Chinese unicode in console and getline wont work

**jeremy duncan** · 06-01-2016

I checked the text in the console read file out text and compared it to the fonts in the cn_font file and they were wrong again.

So I tried a bunch of different stuff and found out that since I'm using codepage 950 with the regional language set to Chinese Taiwan and now Chinese Traditional keyboard, before the keyboard was set to Chinese simplified, that I could save ansi files and save Chinese font characters in there.

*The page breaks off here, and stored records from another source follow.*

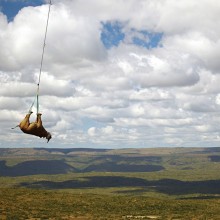 Black Rhino Transportation, South Africa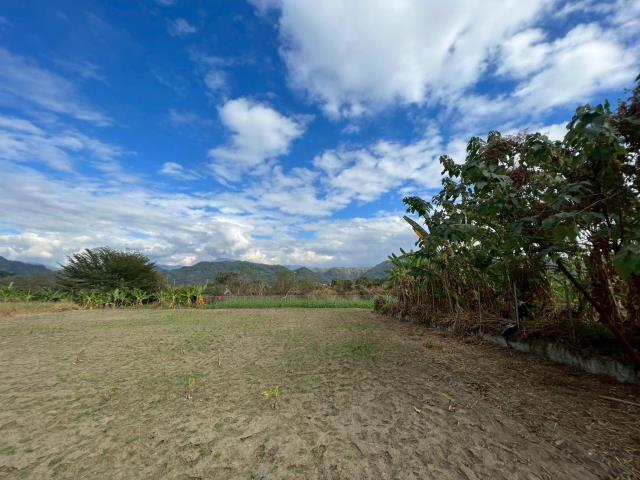 高雄美濃農地-3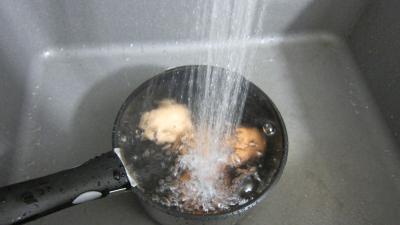 Tétragone en salade - 2.1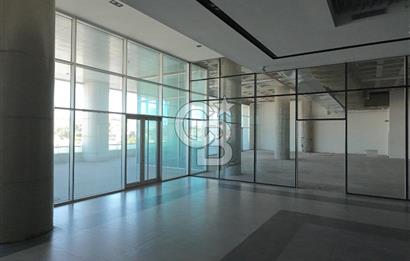 ŞEKERPINAR RAMADA OTELİNE BAĞLI  5000M2 KİRALIK DÜKKAN-MAĞAZA-DEPO
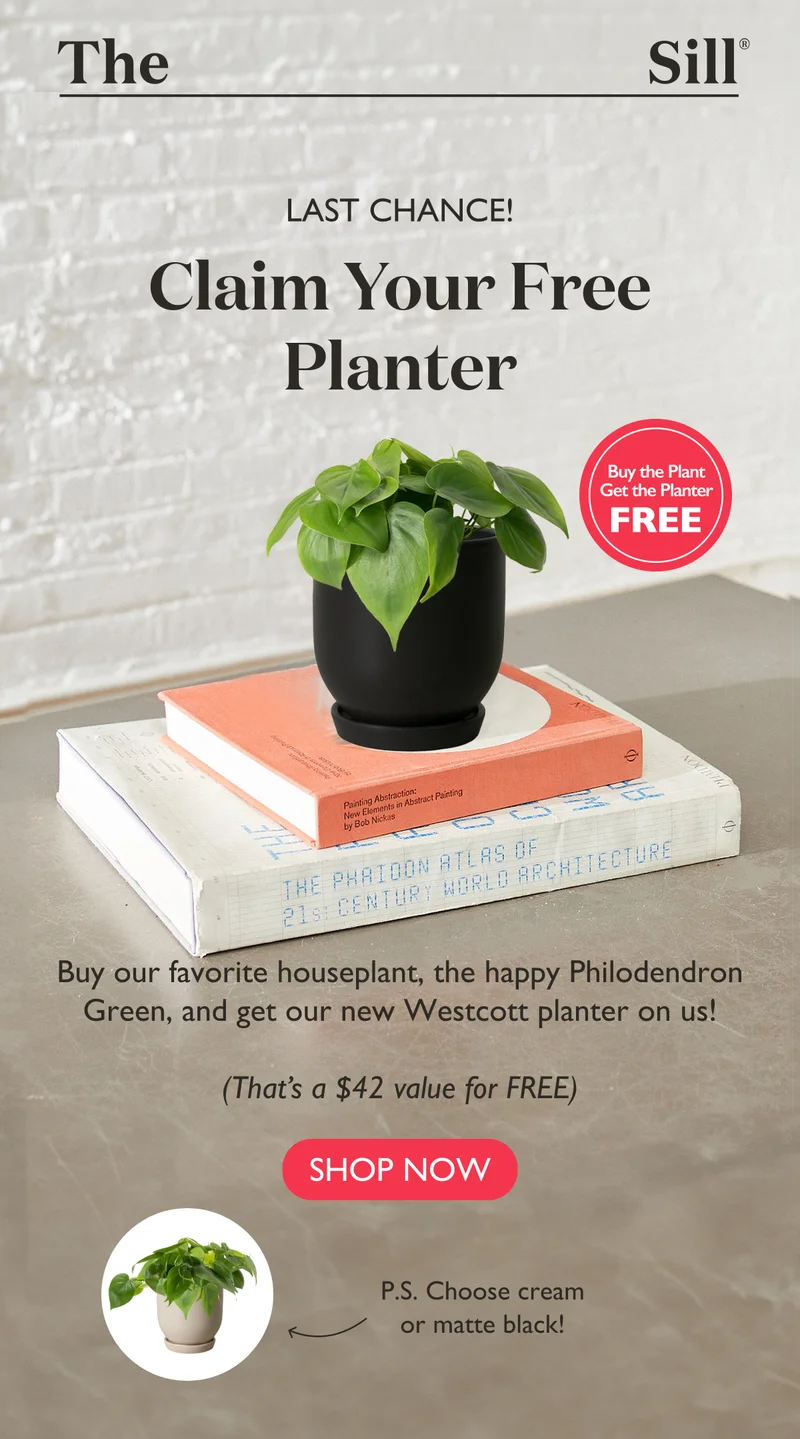 Buy a Small Philodendron Green, Get a Westcott Planter On Us
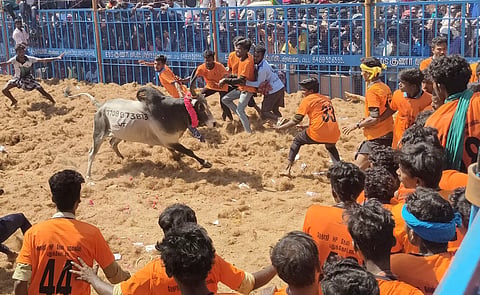 தேனிமலையில் ஜல்லிகட்டு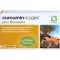 CURCUMIN-LOGES plus Boswellia-kapselit, 60 kapselia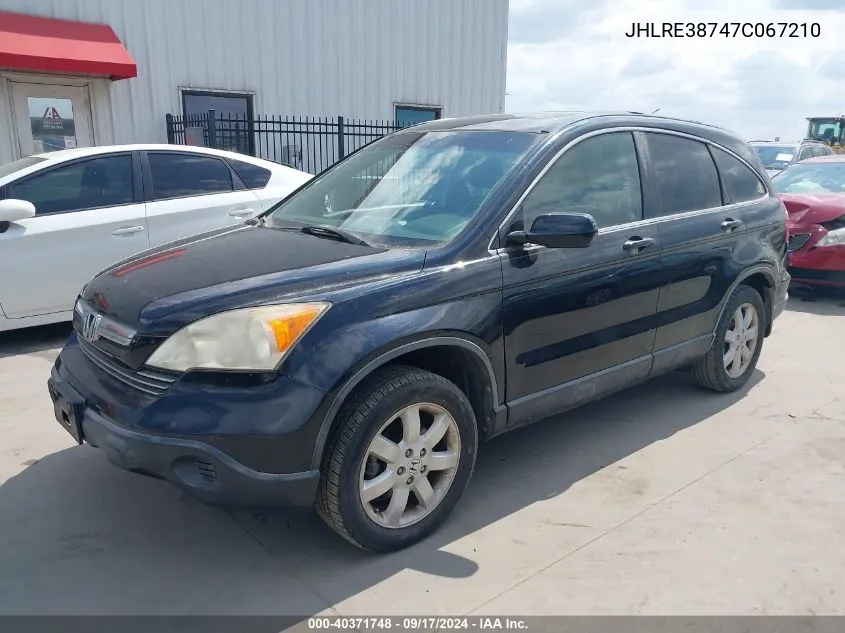 2007 Honda Cr-V Ex-L VIN: JHLRE38747C067210 Lot: 40371748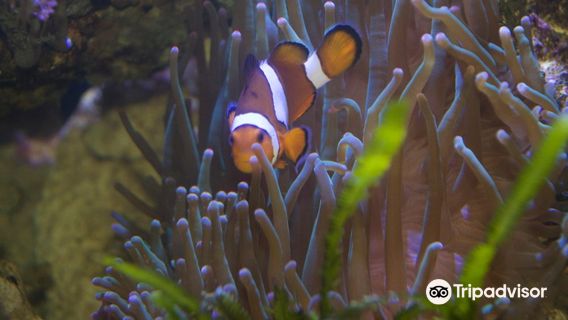 Aquarium GEOMAR
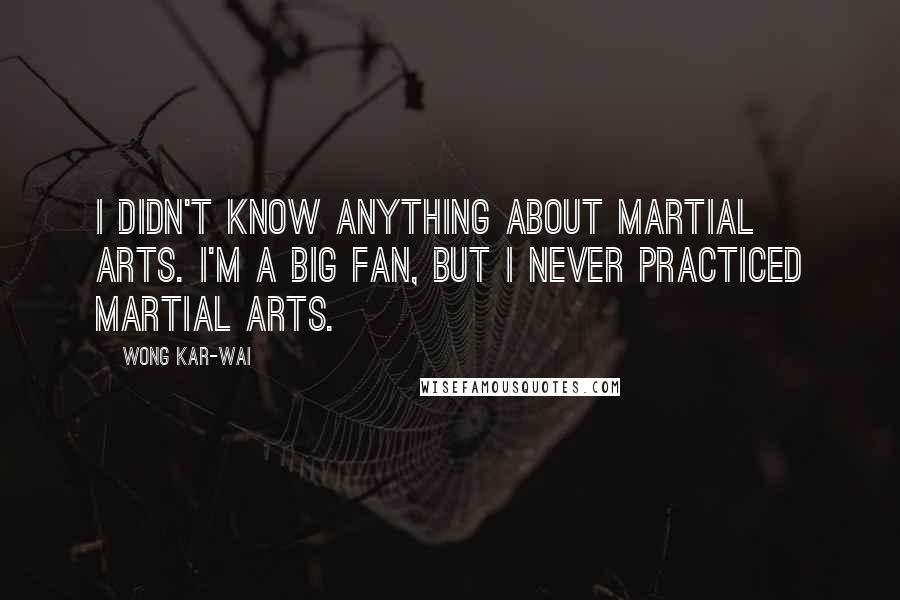 Wong Kar-Wai Quotes: I didn't know anything about martial arts. I'm a big fan, but I never practiced martial arts.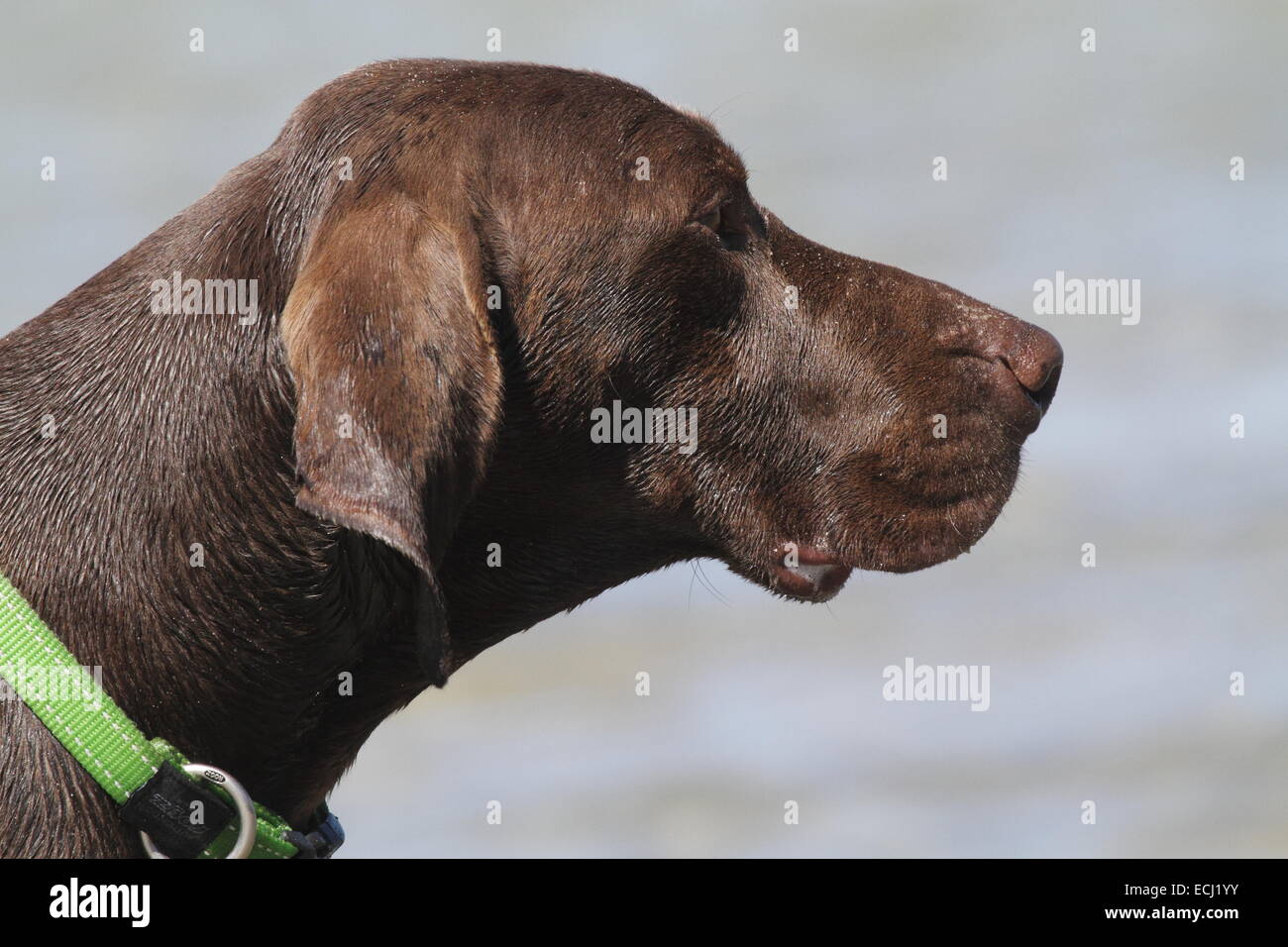 German Short-haired pointer profile Stock Photo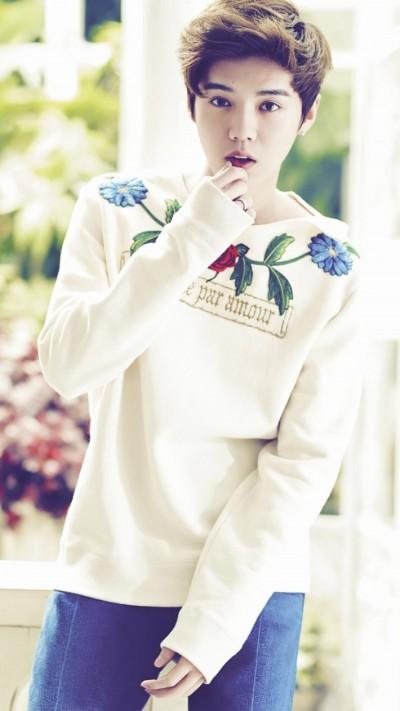 鹿晗 帅气 手机壁纸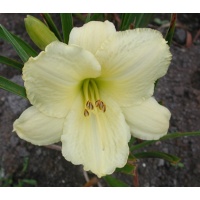 daylilies: GREAT CONNECTIONS
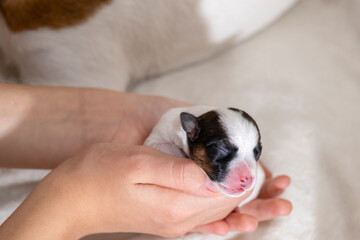 A small newborn cute puppy jack Russell terrier sleeps in his arms.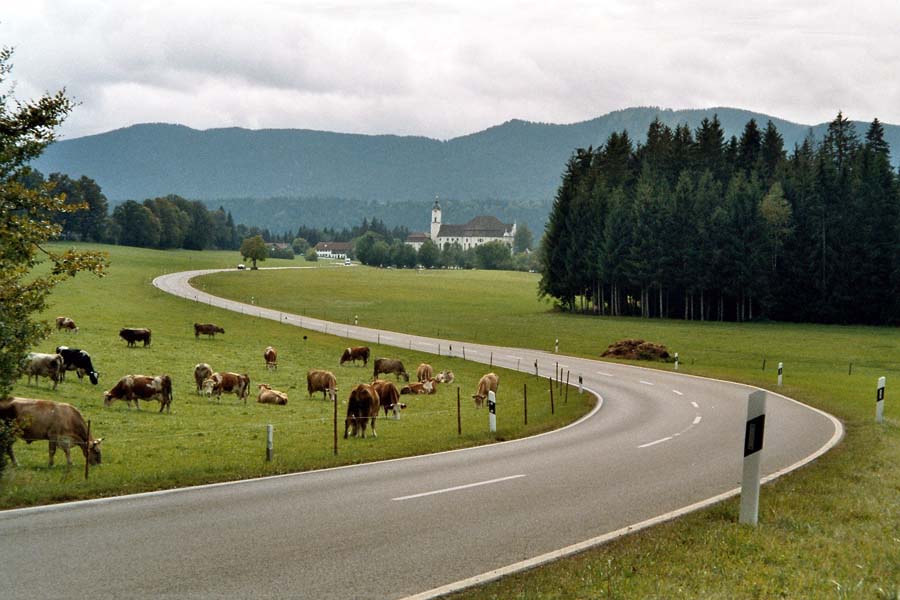 Strasse zur Wieskirch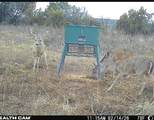 TBD County Road 154 - Photo 17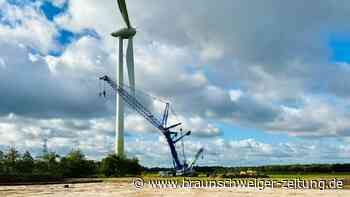 RWE lässt Windkrafträder im Papenteich abbauen – Warum?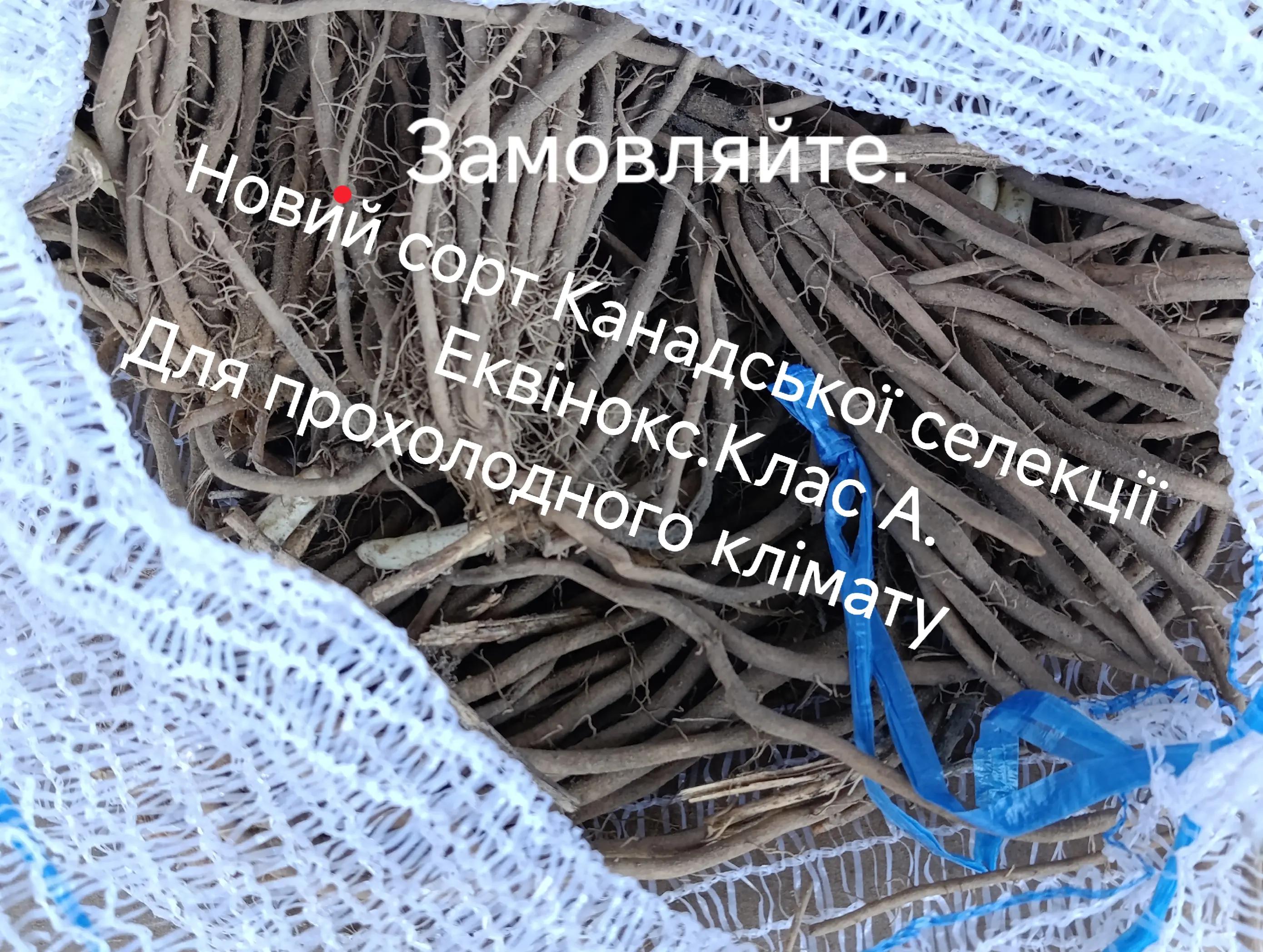 @Олег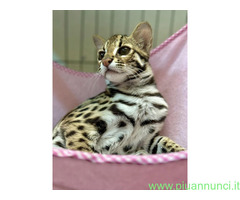 Ocelot kitten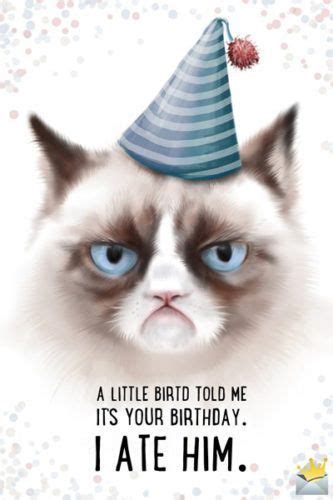 A wish for their special day | happy birthday images. A little bird told me it's your birthday. I ate him. # ...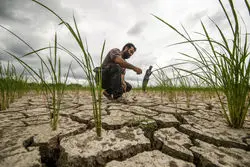 کمرنگ شدن کشاورزی در اقتصاد ایران؛ هم بازار کار، هم تولید+ نمودار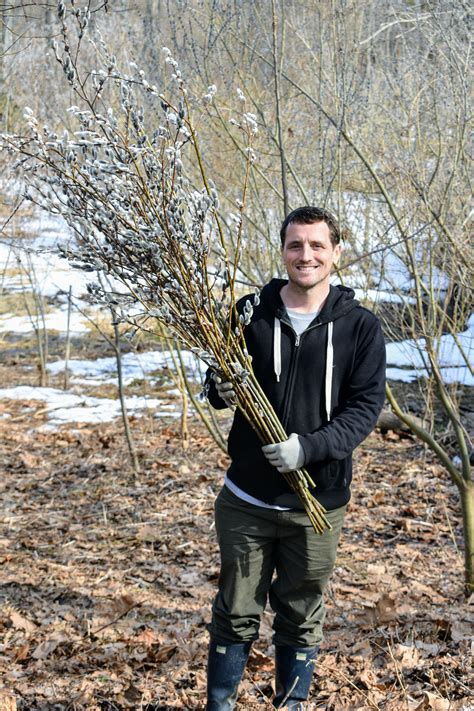 Gathering Pussy Willows At My Farm The Martha Stewart Blog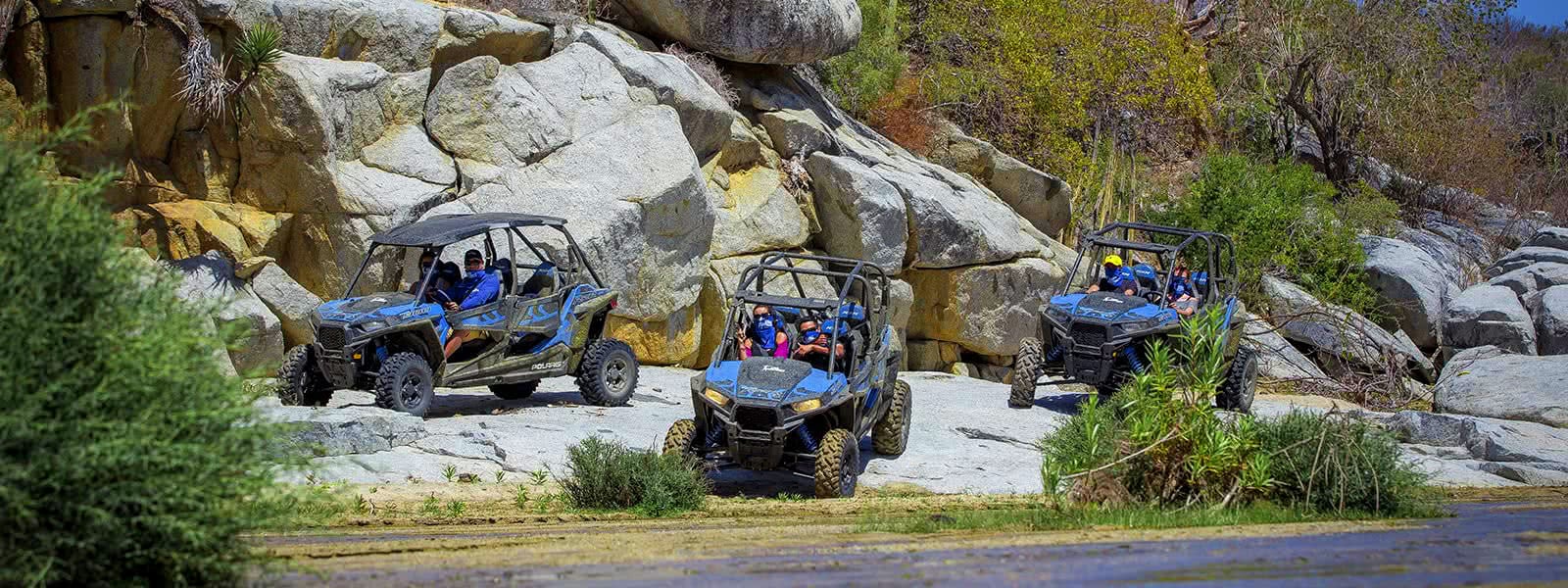 Exploring the Baja desert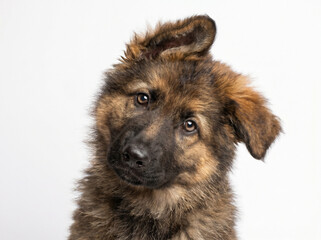 Fototapeta premium Adorable young German Shepherd puppy with floppy ear and brown eyes looking curiously at the camera on a white background, exuding cuteness and innocence.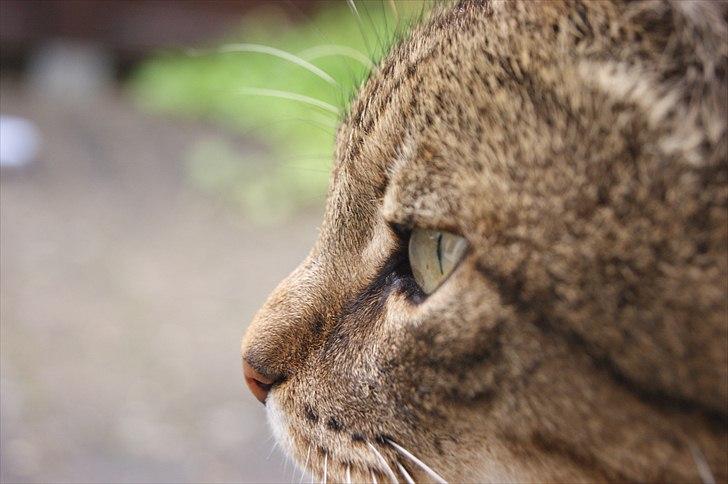 Huskat Elvis - R.I.P Sov godt billede 18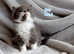 Wonderful Siberian kittens, best for mild allergy sufferers :)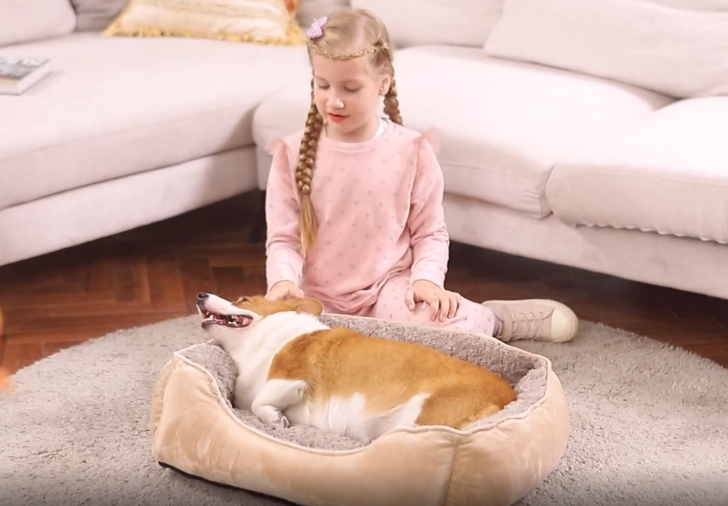 JoicyCo Hundebett Weich, 91,4 Cm, Rutschfeste Unterseite, Waschbar, Für Mittelgroße Hunde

it warned me that some characters wouldn't work so I thought I would save then close then reopen and see gibberish but I saw a lot of Chinese characters, not all of them but a lot of them. Remember some of my Chinese characters are simplified.

So I saved both files in my code to ansi then ran the code and got the Chinese characters in the console that are in the file. No bad characters.

Also since my code is in codepage 950 and when I had a Japanese windows 7 I could just use cout, I tried without wcout and it all worked just like English code, so no fancy unicode or utf-8 files or fancy wide character code, just regular English code and ansi files and it will all work in English territories and asian territories like Japan the same.

here is my new code that works;

Code:

#include <iostream>
#include <fstream>
#include <locale>
#include <cstdlib> // exit()
  
using namespace std;
int main()
{
    // empty files
    ofstream fout("file_out.txt");
    fout.close();
   
    // get user input.
    ofstream holdInputSentence("file_out.txt");
    if (!holdInputSentence) { cerr<<"file error\n"; exit(1); }
   
    char inputSentence[4096];
   
    cout << "Enter your sentence, end it with a period: ";
  
    cin.getline (inputSentence,4096);
    holdInputSentence << inputSentence;
    holdInputSentence.close();
   
    // display user input
    ifstream read_the_counter_file("file_out.txt");
    string read_text;
   
    cout <<  "\n";
   
    while(read_the_counter_file >> read_text)
    {
        cout << read_text << " ";
    }
   
    read_the_counter_file.close();
   
    cout <<  "\n\ncopying file to new file then display new file contents below\n\n";
 
    // empty files
    ofstream fout4("file_out.txt");
    fout4.close();
 
    // copy file
 
    ofstream fout3("file_out.txt", fstream::app);
    fstream read_the_file("cn_font.txt" , ios::in);
    string read_text2;
  
    while(read_the_file >> read_text2)
    {
        fout3 << read_text2;
    }
  
    read_the_file.close();
    fout3.close();
 
    // display the copy file
 
    ifstream fin("file_out.txt");
    string read_text3;
  
    while(getline(fin, read_text3))
    {
        cout << read_text3;
    }
  
    fin.close();
 
    cout <<  "\n\n";
   
    // I pause the console window so you can read the screen results
    system ("pause");
}

and my test results, the bad test results are the utf-8 on top, the good test results are ansi on the bottom;

Code:

---------------------
utf-8 file below
---------------------

Enter your sentence, end it with a period: 
绽湛栈蘸菚颤张章彰璋漳樟蟑鄣獐嫜餦麞粻鏱蔁騿掌鐣仉鞝涨障丈帐仗

?湛?蘸???章彰璋漳樟蟑鄣獐嫜??粻??騿掌?仉鞝?障丈?仗

copying file to new file then display new file contents below

嚜輻遢皝??貉?憸文?蝡蔑?撲璅????憳丹暻祥?梯?擉踵?????隅??撣?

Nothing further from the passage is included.